Well, lots of corporations are already doing that whole omnipresent thing using phones, e-mail, ads, web browsers, persistent cookies, and other analytics to model behavior for advertising. It's not a big-giant leap to feed those analytical systems some background information about a person's money, employment, where they've lived, marital status, criminal record, medical history, and whatever else to start to perform predictive analytics of their behaviors and then combine it with facial recognition and broadly deployed activity monitoring systems to get an even bigger window into their thoughts. In fact, it's only a matter of time before that happens and it'll be really cool at helping people even if they don't think they need it. The people who don't want help and are in denial about their problems are the ones who need intervention and assistance the most so I think that reaching out to them is the most important regardless of whether or not they want it. We can make them into functional people who don't do drugs or rob stores.

You say that like debtors prisons were never a thing or weren't popping back up...
Or like the tv tax going to the bbc, it's a civil thing, yet it's treated as a criminal act...

I never said phone bills were related to the common man being a slave, that is just common knowledge. We still live in a caste system, just life for the peons is nicer due to the fact they are more productive that way duh :rolleyes:

Okay, well I think that prison isn't really a thing for the average person who doesn't pay their debt. They just do the bankruptcy thing, ruin their credit history, and move on to do it again later. Also, I love the BBC! They make great drama stuff so I don't see a problem with them being funded by taxes.

No way. By acting as future police you are basically condemning a person to actions they havent commited yet?

So now, a person going through a long patch of unemployment and money troubles, and decides to rob a store. Only on the way there, his conscience arrests him and instead of pulling the gun out to commit the crime, he calls his best friend, and spills his guts about his troubles.

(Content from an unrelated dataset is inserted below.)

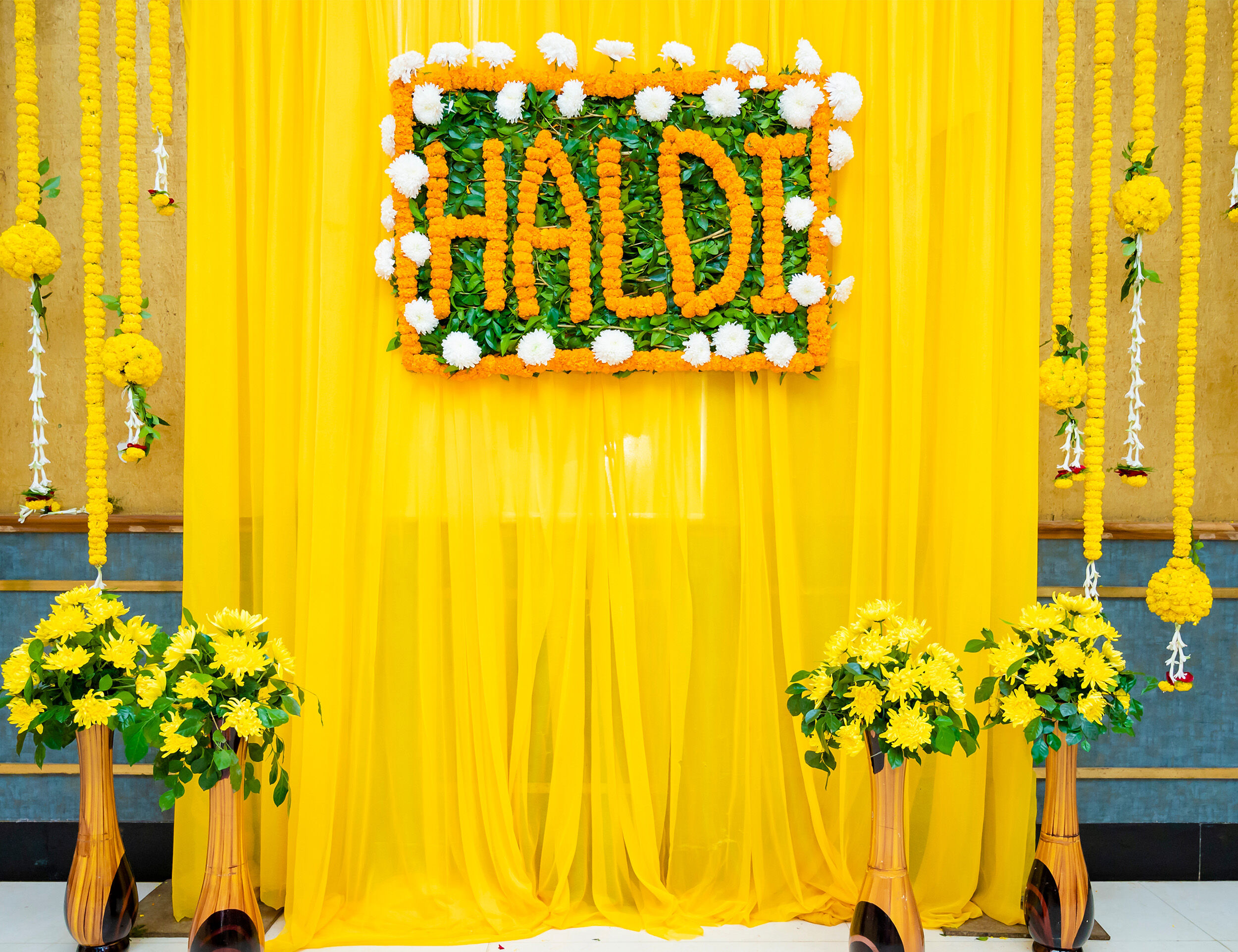 A handmade Haldi name with yellow flowers at home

In the system you are seemingly in agreement with, where the authorities are notified that an unemployed, potentially unstable man gets into a car with a gun, the man has just lost his "god-given" free will to decide what he will or wont do. You have stripped a man with little else to speak of, of his ability to be a free thinking human being. Completely unacceptable. There is not, there will not ever be any justification good enough for me to accept this terrible overreach in the name of do-gooderism.

No, just... no.

No one is condemning anyone. We're just taking existing predictive analysis stuff, feeding it more data, giving it a persistent, wide-spread presence across the nation and then letting it send up alerts when a person crosses warning thresholds as a way to help both them and society get more awesome and run smoother.

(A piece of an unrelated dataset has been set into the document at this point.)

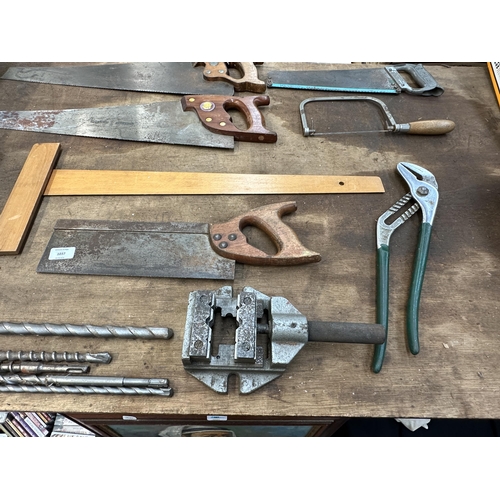 1037 - A collection of vintage tools to include Spear & Jackson hand saws, sharpening stones, M&W micromete...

Besides that, I'm not getting into a religious debate. I will say that no one has any right to have rights of any sort. They don't happen naturally so it's up to humans to build a world in which humans have the ability to do none, some, or all of the things they want to do. That person with restrained actions (which all of us are because none of us can do anything and everything without suffering from legal consequences) can think whatever, but like everyone else, they can't do all of the things they think about. There's nothing do-goody about it. That's reality presently. All I'm proposing is that we take existing technologies, improve them, and put them to use for the general welfare of the average lower class person who lacks a lot of the important things they need to care for themselves like reasoning or good decision making skills.
 
Croaker didn't respond.

I suppose he really was under investigation and they just got his admission of guilt :p
 
Please don't misunderstand me. I'm thinking that a system that's smart enough to oversee people's actions would be able to prevent bad things from happening. The person being stopped is not at all a criminal then and can get help while still being able to productively contribute to society. I think that we can all pretty much agree that preventing murders is lots better than letting them happen and then arresting someone after the fact.

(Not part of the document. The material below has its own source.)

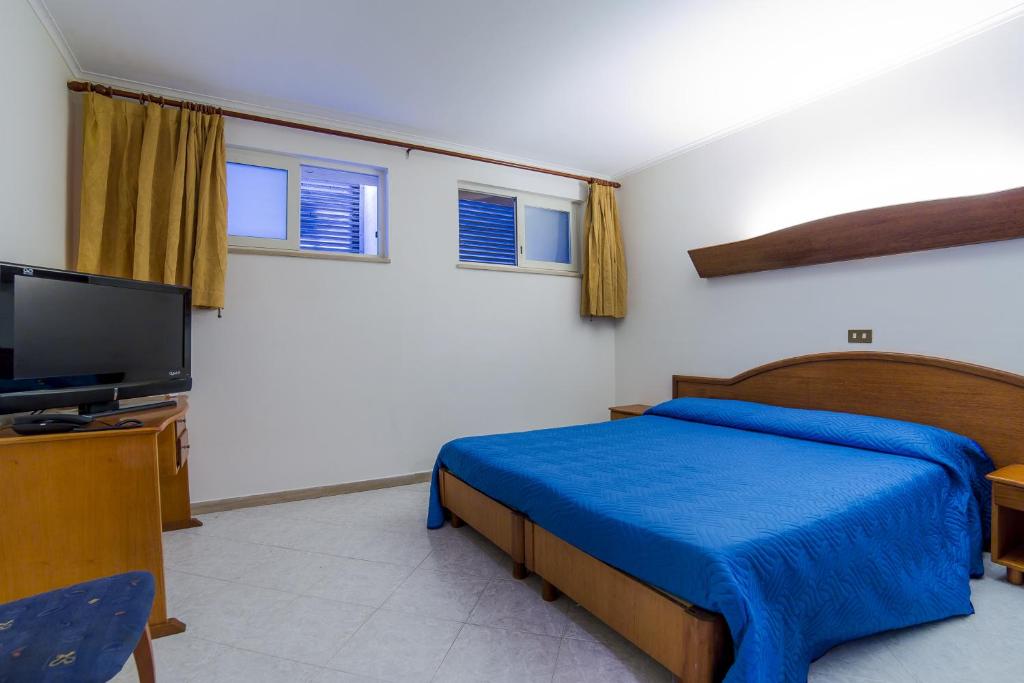 Postel nebo postele na pokoji v ubytování HR Hotel & Spa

Creepy, I didn't just fall off the [H]-Truck, your not going to sucker me into this like you did those other guys.

One package of Little Debbie's is all your getting from me :p
 
Pathetic.

Treading into some mighty deep waters as to what exactly rights are and if anyone really has them. Plenty interesting topic but most times folks can't agree on anything. I think that's why they write those long fancy papers dictating what flavor of the basic idea a given country is going to go by. Even at that their still manages to be a hell of a lot left open to interpretation.

I suspect a lot of discussion popping up in a mature-ish society (as opposed to one just forming) about a persons rights is a bad sign. When things are healthy and you aren't hurting anyone, a person ought to be able to do about what they want and keep their head down and be fine.
 
Information like this is a gold mine for thieves and crooks. Find out your routines and where your going to be at at a certain time of the day. The whole idea of scanning plates could quickly turn rotten if its used the wrong way.
 
That's a really good question and I don't really have an answer for that. I mean, I guess we have an existing group in place that's supposed to collectively do that across various government organizations, but a lot of people aren't really happy with how it works. Then there's societal norms, but who decides which peoples' norms are the ones that are worthy of using to define what's right and wrong? I don't think any one person is the right one to decide that and I think that what we have today, a system that's constantly playing catch up with all of the different voices in society, is working, but not as well as it could. Even though it's not perfect, I guess we'd have to rely on what we've been doing so far, electing people to make laws and then relying on a balancing act thing of other groups of people to revise, edit, or throw out those laws.

Corporations do not have a monopoly on the legitimate use of force.

I get it, you think corporations are large. Big bad businesses! Let me put this in context for you - the largest corporation in the US by revenue is Wal-Mart, at $476 Billion USD. They employ 2.2 million people.

The US Federal government had revenues of $2.8 TRILLION USD. When you add in States and Localities, you're looking at a total of $5.6 TRILLION dollars in revenue.

http://www.usgovernmentrevenue.com/fed_revenue_2013US

Now, does Wal-Mart have a standing army? No, no they do not. The Federal government does though - about 1.4 million on active duty with about 850,000 in the reserves. This does not count the 800,000 civilian empoyees of the DoD, or the 2.1 million people who work directly for the federal government. This doesn't include contractors either, which number in the hundreds of thousands.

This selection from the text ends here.